I sat up in my bunk and looked at the clock on the small table separating the beds. In a few minutes we’d be stopping and I’d be able to go out onto the platform. The windows didn’t open in the cabins and they kept it uncomfortably warm, so that indoors I sat around sweating in a tank top and shorts, and would have to put on layers of clothes before going back out.

Outside the unending birch forest filled the window, clothed in the yellow and gold of October. The book had unsettled me. In one passage Solzhenitsyn had addressed the reader directly, addressed me, in the future, as I sat in a Russian passenger train going past the places he had been exiled to. On all the railroads of the country this very minute, right now, people who have just been fed salt herring are licking their dry lips with bitter tongues. They dream of the happiness of stretching out one’s legs and of the relief one feels after going to the toilet.

It made me think of New York, when I had gone to the currency exchange and the man behind the desk had told me that they didn’t sell Russian rubles. “Why not?”
“Because of the issues in that country right now,” he had replied, and I had been annoyed at the inconvenience, but had never thought about what that meant. They weren’t selling rubles because the currency was being devalued so quickly, that ordinary citizens, like the ones on this train, were losing their life savings, while I was travelling for pleasure, in first class, with a cabin door that locked.

I needed some fresh air.

The train attendant folded out the metal stairs and I climbed down onto the cold platform. “Tridstat minut?” I asked her, raising my fingers into a three and a zero, and she nodded yes, that’s how much time I had, so I tucked my hands into my pockets and headed down the platform.

It was just another Siberian town, like all the others, with rows of concrete platforms separating the tracks, a station with a clock tower and stray dogs sniffing under the train carriages. Passengers from other parts of the train stood huddled near their cars, talking and smoking, while others lined up at the wooden kiosks scattered along the platform selling cold water, fresh fruit, dried noodles and off-brand toys.

As I neared the back of the train I could make out another group of passengers in the distance, just past the last car. They were sitting on the ground, surrounded by police officers. The man I had seen earlier, the one with the German Shepherd, walked along the perimeter. He had been on the train because we were transporting prisoners.

I approached as closely as I dared and saw a man being led down the stairs of the carriage, his feet shackled. I had been transported to the past — this couldn’t be happening now, exactly as Solzhenitsyn had described to me. His words came back to me. At times they did make the prisoners sit right there awkwardly on the platform…how are they supposed to look at us? With hatred? Their consciences don’t permit it.

So I stood there and stared at them, too afraid to take a photo, already knowing why they were seated and not standing, because Solzhenitsyn had told me, because it was harder to escape that way, until a truck pulled up next to the train station and one of the police officers went over to it.

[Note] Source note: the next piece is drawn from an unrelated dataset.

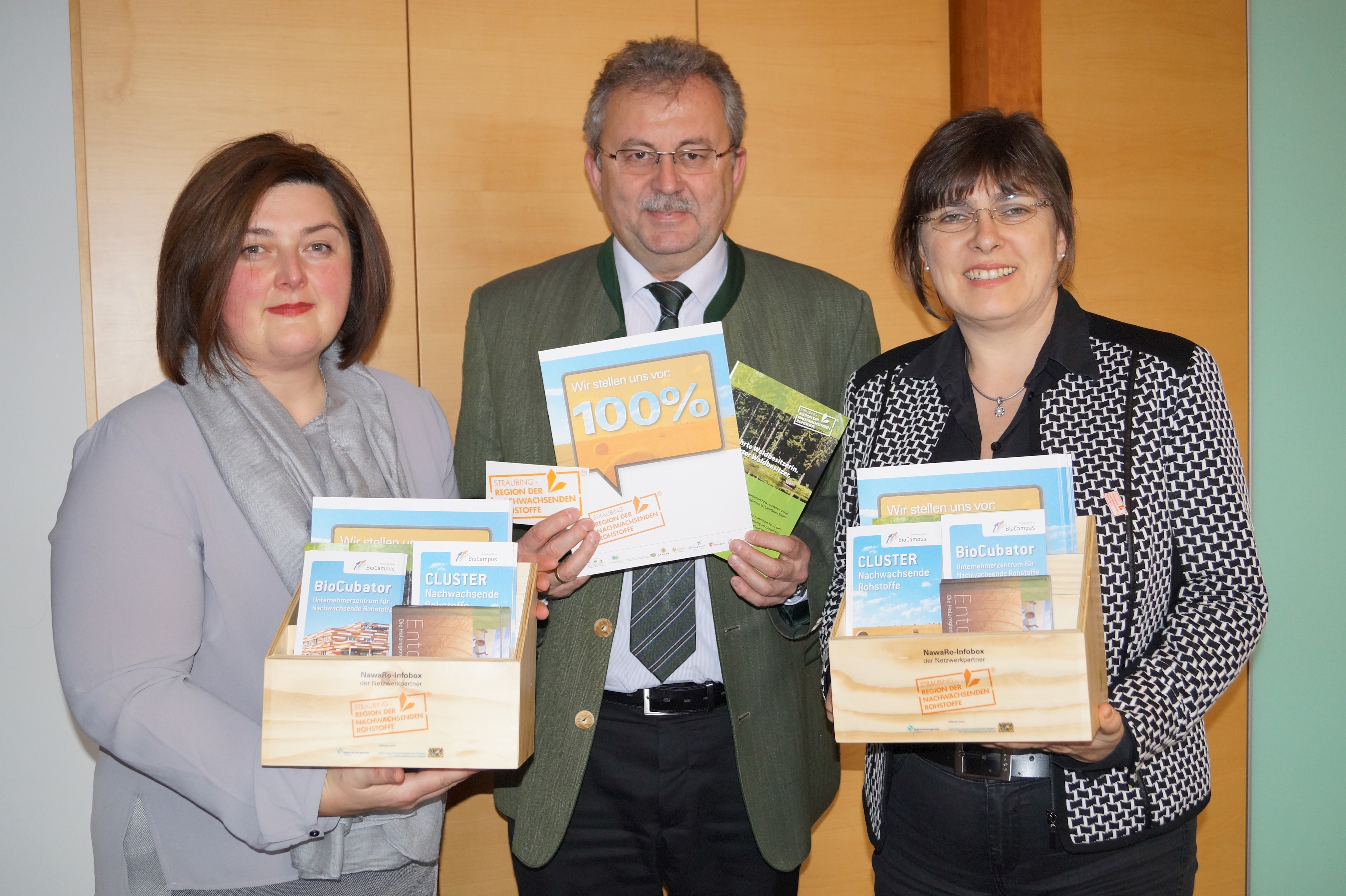 Landrat Josef Laumer, Regionalmanagerin Rita Kienberger (rechts) und Claudia Kirchmair (links) von der BioCampus Straubing GmbH stellen die NawaRo-Infobox vor.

And since they never blew a whistle to warn you that the train was ready to leave, I realized that I would have to run to the front of the train to get back in time, so I turned away reluctantly, and watched them over my shoulder, with pity.

The train began moving as I settled back into my cabin, and the little town passed slowly and then faster and faster by the window, until it we had left it far behind. The Gulag was closed on the table, so I picked it up and leafed through it until I found the passage I was looking for.

The train starts — and a hundred crowded prisoner destinies, tormented hearts, are borne along the same snaky rails, behind the same smoke, past the same fields, posts, and haystacks as you, and even a few seconds sooner than you…And could you possibly believe — and will you possibly believe when reading these lines — that in the same size compartment as yours, but up ahead in that zak car, there are fourteen people? And if there are twenty-five? And if there are thirty?

I put the book down and looked out the window at the rolling taiga. Yes, I could believe it.